> _BRIEF_: No pictures, nothing altered: return the data below.

> _DATASET EXTRACT_:
..............................

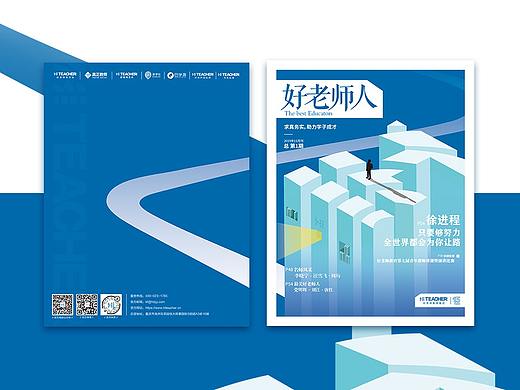 2019 企业内部刊物/杂志/企业文化/新闻
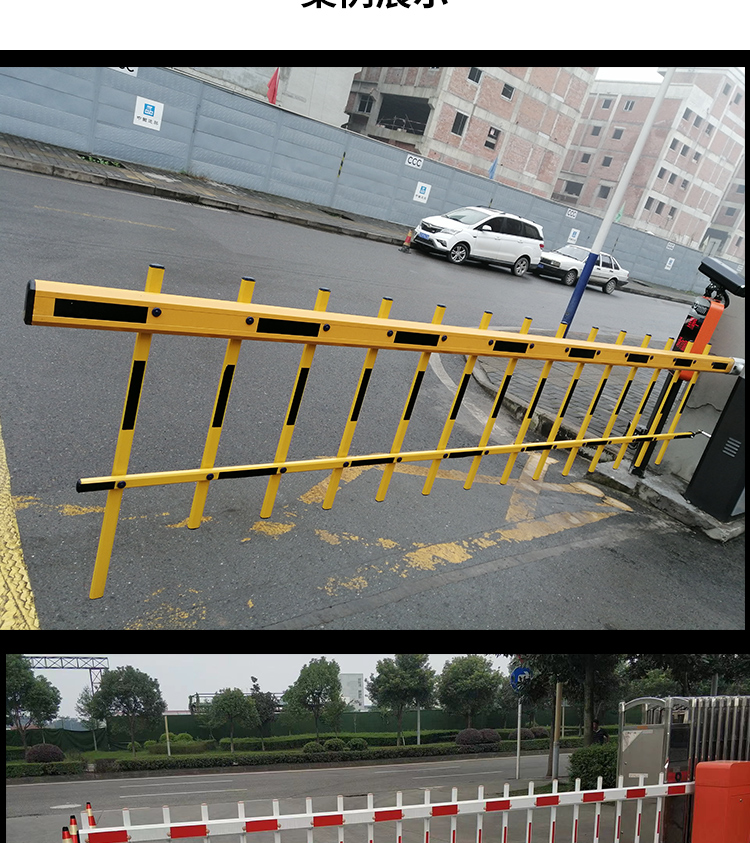 停车场栅栏式道闸杆铝合金两栏杆小区门卫升降杆拦车栅栏杆道闸门3米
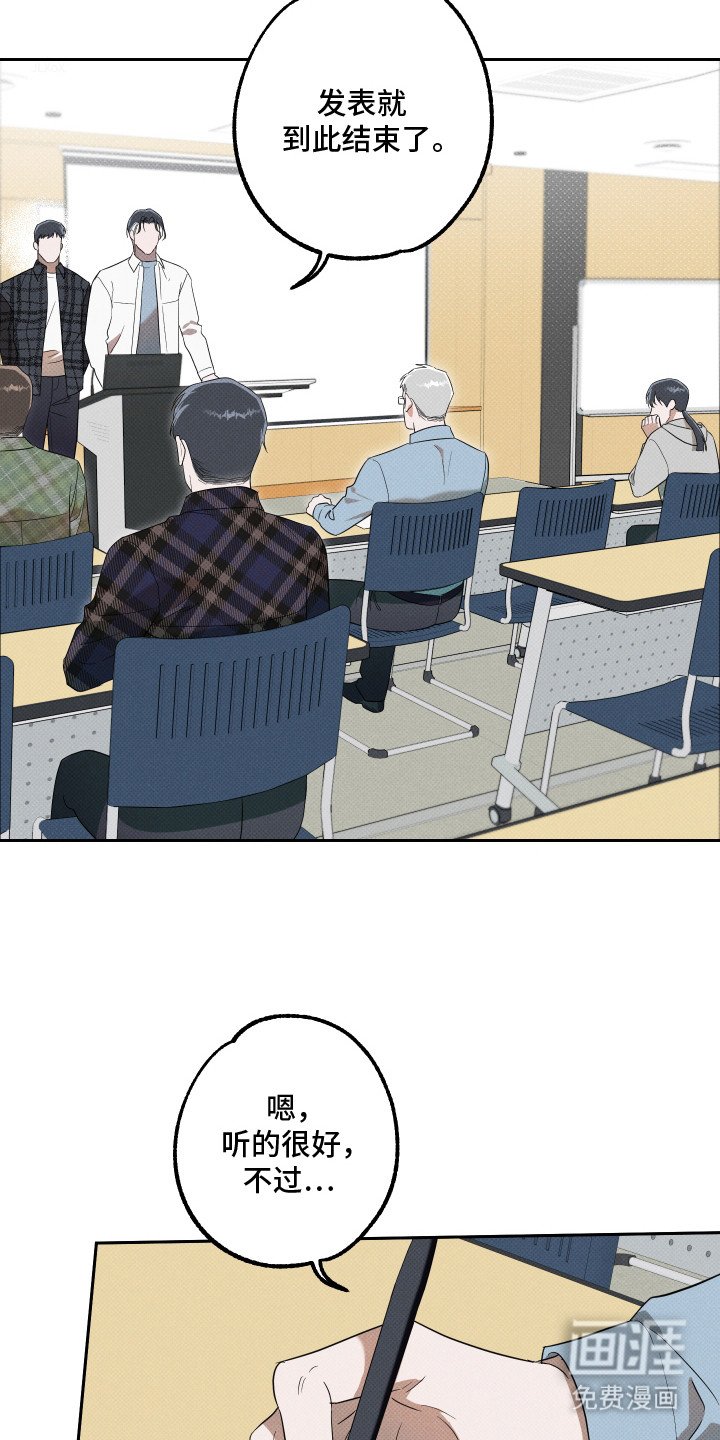 第13章：空虚感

..............................

> _REPLY_:
 2019 企业内部刊物/杂志/企业文化/新闻
 停车场栅栏式道闸杆铝合金两栏杆小区门卫升降杆拦车栅栏杆道闸门3米
 第13章：空虚感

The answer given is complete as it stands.